What is the difference between @XMLValue and @JsonValue


@JsonValue javadoc states: "Marker annotation similar to javax.xml.bind.annotation.XmlValue". Why is it similar and what are the differences?

I am asking this as a newbie in JAXB, because the javadoc is too cryptic so I can't find the real intent of both, and why @JsonValue is not available in the Java EE spec since it enables us to properly serialize an object into a string (see here for context)


Solution

  • @JsonValue is a Jackson annotation (Jackson is an open source JSON-binding library) and @XmlValue is a JAXB (JSR-222) annotation.

    @JsonValue javadoc states: "Marker annotation similar to javax.xml.bind.annotation.XmlValue". Why is it similar and what are the differences?

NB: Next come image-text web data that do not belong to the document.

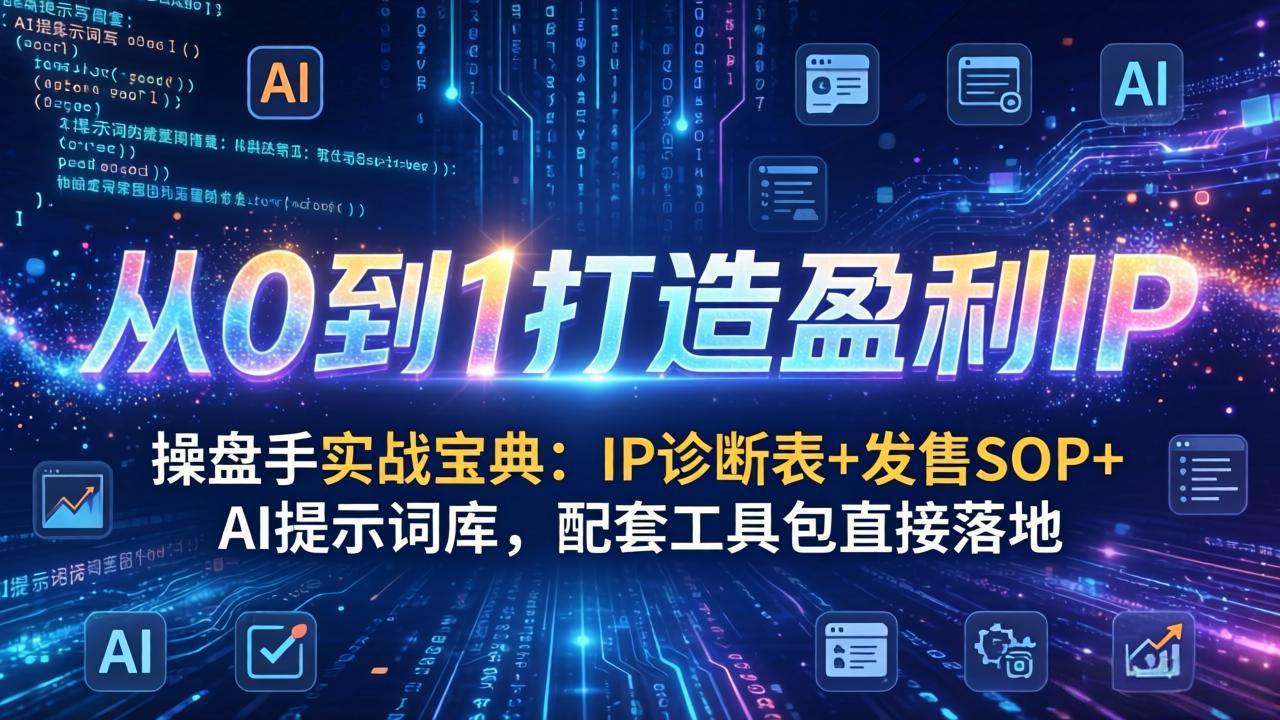 操盘手实战宝典：IP诊断表+发售SOP+AI提示词库，配套工具包直接落地，从0到1打造盈利IP-轻创资源网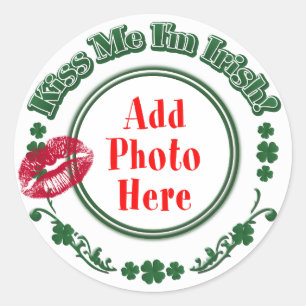 PHOTOキス私はアイルランド語 – グリーンサークルキスマーク ラウンドシール
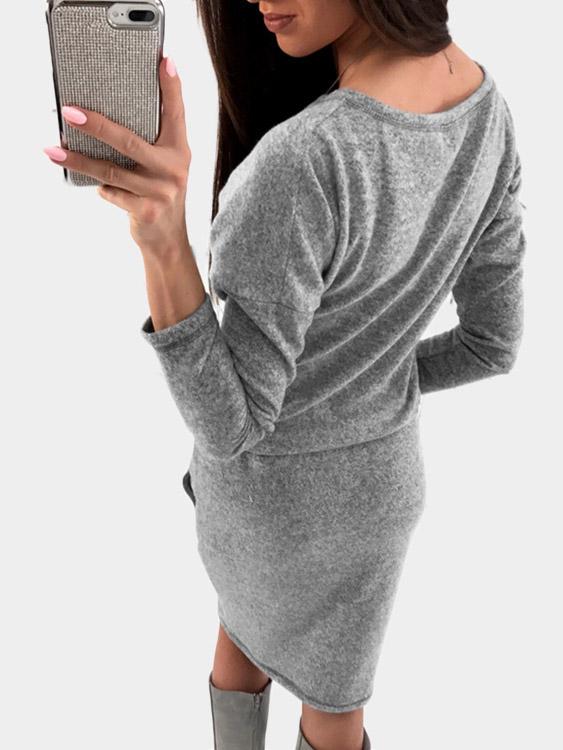 NEW FEELING Womens Grey Casual Dresses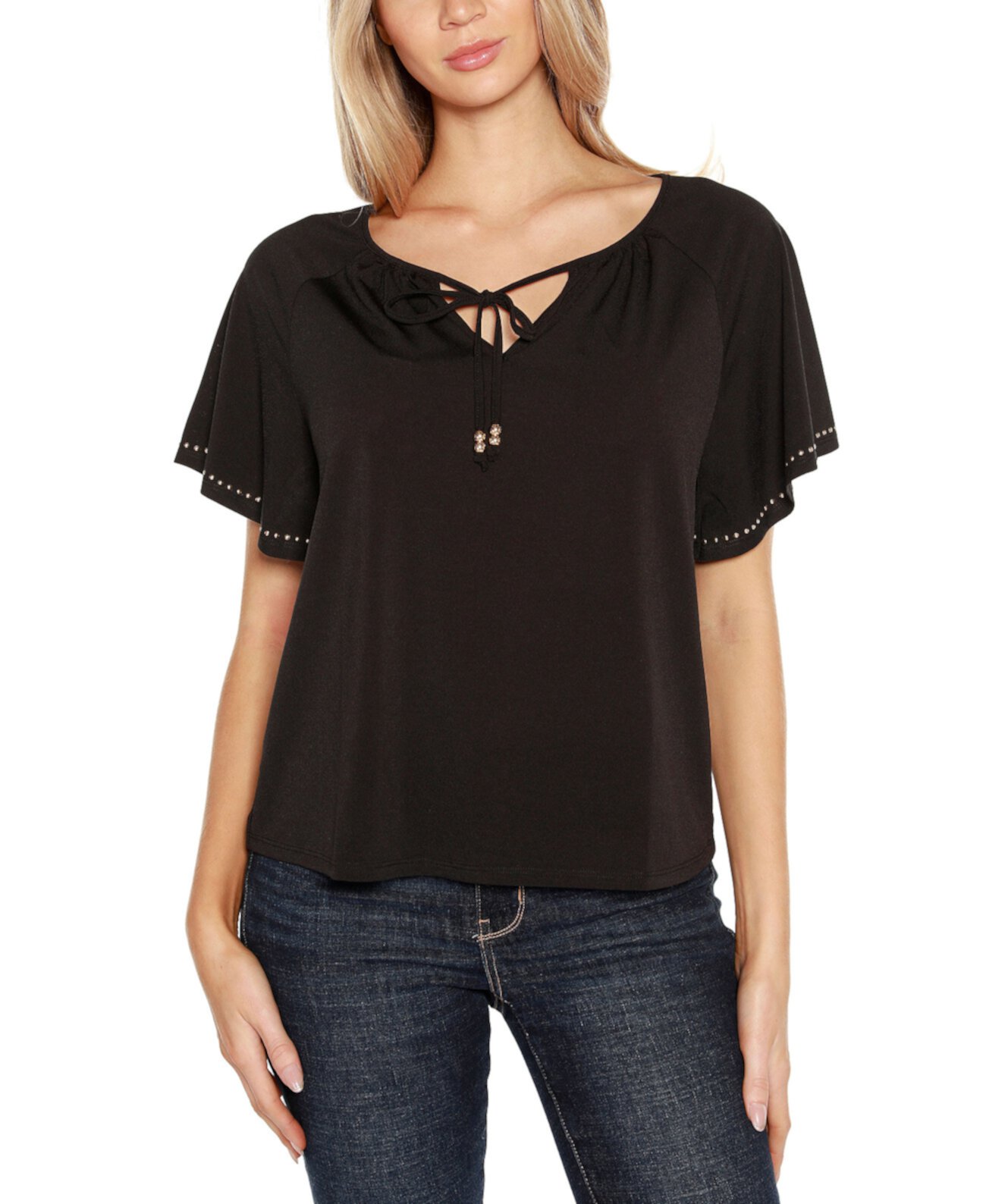 Women's Embellished Flutter Sleeve Knit Top Belldini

    I don't believe there are any differences in terms of Jackson behaviour.

    I can't find the real intent of both

    There are atleast a couple of reasons Jackson supports the JAXB annotations in addition to its own:

    1. The JAXB annotations are included in Java SE 6 and above, so if you use them you aren't introducing any compile time dependencies on the Jackson libraries into your domain model.
    2. You may be mapping the same Java model to both XML and JSON, so you may be able to get away with only one set of metadata on your classes using the JAXB annotations for both.
    3. Some people are using JAXB with Jettison or StAXON to read/write JSON. Since these models are already JAXB annotated, Jackson supporting these annotations makes it easier to transition those users to Jackson.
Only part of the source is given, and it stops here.